Intergroup logo Photo: IUCN

Kurt Vandenberghe, Head of Cabinet of Commissioner Janez Potocnik, DG Environment, European Commission (EC) opened the discussions. Mr Vandenberghe explained that the Commission is currently preparing a communication on Rio (due June/ July). He outlined the differences that have occurred over the last 20 years since the previous summit in Rio – the end of the economic crisis, the effect of borrowing beyond our needs, new emerging economies etc. And also the achievements which include: people earning more, improvement in access to education, health care, clean water etc. But there are still challenges, one sixth of the world is under nourished, the millennium development goals have still not been reached and there has been increased environmental degradation. The world is still faced with one huge challenge – how do we live and prosper together within the earth’s physical restraints. Can a green economy be the answer to this challenge?

Green growth has certainly garnered increased attention, OECD, UNEP etc. are working on it even the G20 has turned its attention to aspects of it. But green growth has to take into account both environment and poverty and not just jobs and growth. We have to turn environmental challenges into economic opportunities, use businesses to help protect the environment. Valuing natural capital is at the heart of green growth, resources are not for free. Green growth provides opportunities for all countries of the world; it’s not a hindrance to developing countries and should not be seen as such.  Green growth and Rio 2012 have an environmental dimension but they need all sectors to be involved to be successful. And that is why the Environment Commissioner is working with all the Commissions on this and with Heads of States and businesses so that environmental constraints can be turned into economic opportunities.

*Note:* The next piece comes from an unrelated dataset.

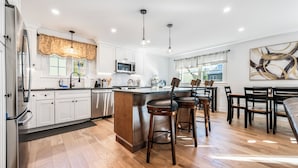 Una cocina moderna con armarios blancos, un refrigerador de acero inoxidable, un microondas y una isla grande con taburetes de bar. Hay un comedor con una mesa y sillas.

Christophe Bouvier, presented UNEP’s position and contribution for Rio 2012, he emphasized the importance of this transformative moment that demands political will from all the actors involved. In this regard, he pointed out that the keyword for Rio 2012 is “feasibility”, implying that the level of ambition for the proposed objectives should meet a real vision.  UNEP wishes to put on the agenda topics converging towards the achievement of a green economy, the most important goal, in the context of international sustainable development.  Nevertheless, emerging issues should also be taken into consideration in the Rio 2012 outcomes.

The international framework for sustainable development was brought into discussion in the international environment governance debate.  Consensus within the United Nations already exists, in the sense that they recognize the need for transformational reform and the construction of a new model of governance on the basis of what already exists. Referring to actors involved in environmental governance, Mr. Bouvier called for a common position of the EU and its Member States and the United Nations in “this battle”.

David Osborn, Rapporteur’s Expert for the European Economic and Social Committee (EESC) and President of Stakeholder Forum stressed that EESC was strongly engaged in Rio 2012. He highlighted that summits are not just about showcasing but they are also about learning from others. Rio 2012 will re-enforce the call for effective sustainability strategies, however the EU strategy has been flagging recently. He asked the EU to include the strategies revival as part of its preparation plans for Rio 2012. He noted that there is a consensus - we cannot keep going in the same way, a transformational change is needed, and we have to build on what we already have.

He noted that key principles need to be brought together to help guide the Rio process. We need open discussion and debate with access for the general public. The sustainability message is spreading but we need to re-enforce it through renewable energy, sustainable transport and a sustainable built environment etc. We have to shift the debate out of the environmental sphere into the economic sphere, the EC and the EP have to reach out to all of their colleagues – and most importantly sustainable development has to be the topic of the future for the international power brokers.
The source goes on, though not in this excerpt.